Desde el punto de vista del cristianismo sólo existe un modo de ser verdaderamente cristiano: imitar a Cristo, y tan solo hay una forma de imitar a Cristo y ésta es amar al prójimo. Tal vez una de las ideas más cercanas y certeras respecto a Dios sea el concepto del amor maternal del cual nos habla Bachofen en alguno de sus tratados, esto es, el amor paternal, que puede ser experimentado indistintamente por hombres o mujeres, ama al hijo en la medida en que éste responde a las expectativas que en él habíamos depositado, le amamos sólo si es como nosotros deseamos que sea. Esta forma de amor adolece de una profunda carga autoritaria que incluye el desprecio y la venganza hacia el hijo al que se quiere incluso destruir si no es como esperamos que sea. Por el contrario, el amor maternal ama al hijo por el simple hecho de serlo y es suficiente su condición de hijo para merecer el amor incondicional del padre o de la madre. La idea de Bachofen explica además el hecho de que exista una «buena» religión basada en el amor verdadero que se manifiesta a su vez en un compromiso profundo y activo hacia el resto de nuestros semejantes. Si establecemos diferencias por cuestiones de religión, condición social, nacionalidad, raza o sexo es que no creemos realmente en el ser humano. El verdadero amor descansa y se fundamenta en la idea suprema de que todos los seres humanos somos iguales y tenemos, por tanto, idénticos derechos, principalmente el derecho a ser felices. En contraposición a todo ello existe una «mala» religión que prioriza por encima de otras cosas su carácter inquisitorial y persecutor, sus rasgos opresivos y totalitarios y su obsesión por considerar como degenerada cualquier manifestación sexual. Hay una suerte de deseo en los fanáticos religiosos de cualquier confesión, que consiste en atribuirnos toda clase de perversiones y maldades a quienes no pensamos como ellos.
Amar a los demás es una disposición de ánimo y, por ende, una decisión voluntaria; es decir, no es tanto guiarnos por el corazón como guiarlo a él hacia donde debe ir: al camino del amor. El término griego «ágape» se cita en la Biblia refiriéndose a la persona que decide amar. Desde este punto de vista es superior a las otras clases de amor: fileos (la amistad) y eros (el amor sexual). El fileos y el eros son imperfectos y pueden variar según las circunstancias. En contraposición, el amor ágape es incondicional, desinteresado y se manifiesta en todo momento: en la salud y en la enfermedad, en la prosperidad y la adversidad, en los buenos y malos momentos, etcétera. El amor ágape no varía porque no depende del tiempo ni de las circunstancias; no surge de nosotros mismos, sino que procede de Dios que nos lo entrega mediante Su gracia y se debe recibir para después entregarlo. Mediante ese amor se pasa del «Te amo porque…» al «Te amo
por siempre». El ágape, pues, sustenta al fileos y al eros de forma imperecedera.

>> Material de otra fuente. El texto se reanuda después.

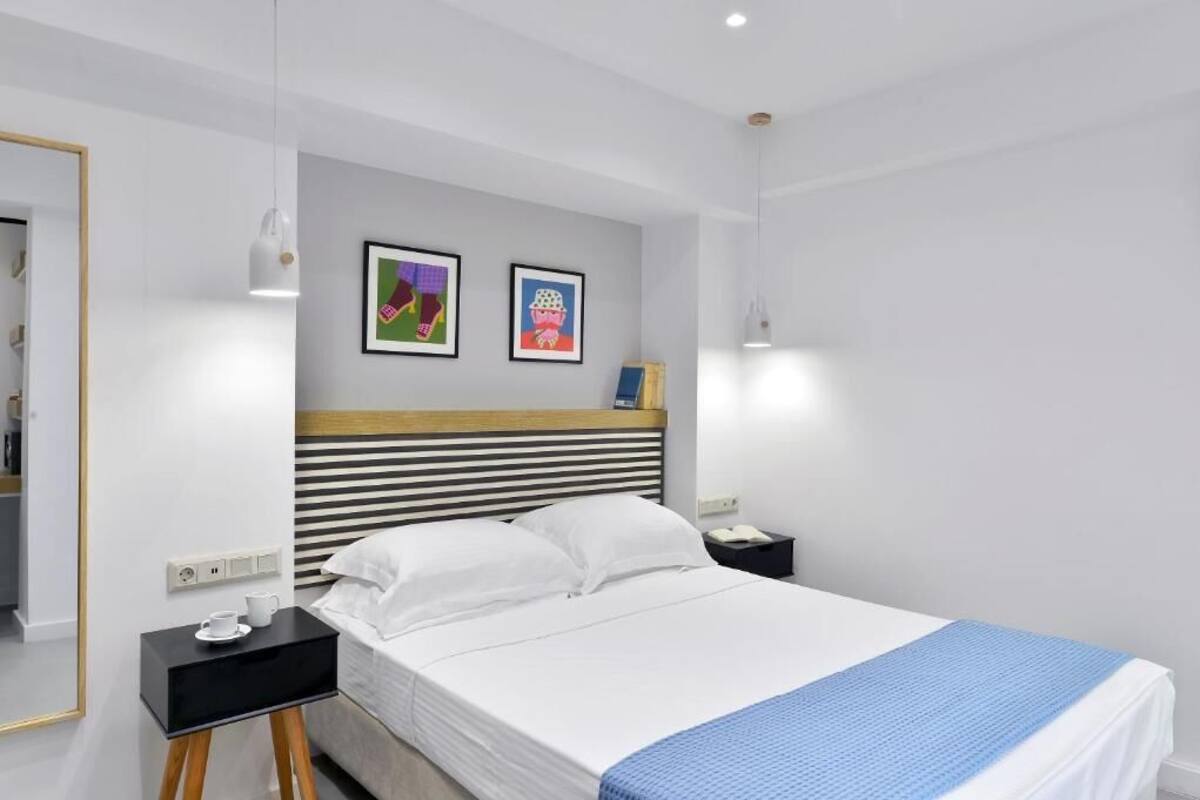 A modern hotel room with a bed, bedside tables, and artwork on the wall.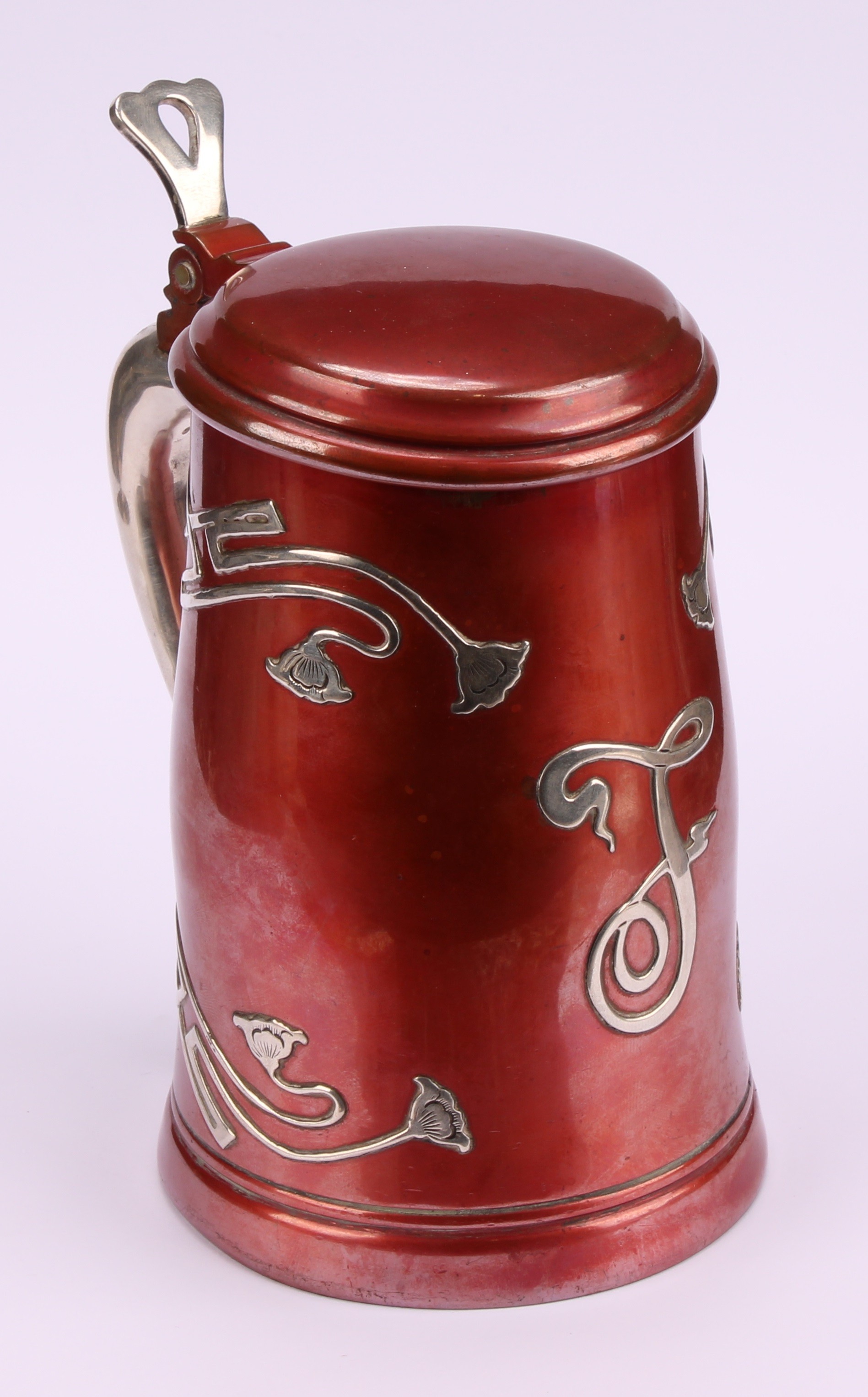 An American Art Nouveau silver overlaid mixed metal tankard, applied with stylised flowers and - Image 3 of 6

Por desgracia, el ser humano se desenvuelve y desarrolla en un mundo limitado, reducido e imperfecto que en pocas ocasiones da lugar a la creación de un amor de este tipo. Existe o, mejor dicho, debería existir una única forma de entender la religión y ésta sería amar a Dios en nuestros semejantes. Debemos ignorar las diferencias religiosas que nos separan pues es evidente que constituyen signos de identidad de cada uno de los pueblos que conforman el mundo. Nos une nuestra condición de hijos de Dios, nuestra sed de amor ilimitada, nuestros mismos deseos, sueños y anhelos que han de convertirnos en una sola Humanidad.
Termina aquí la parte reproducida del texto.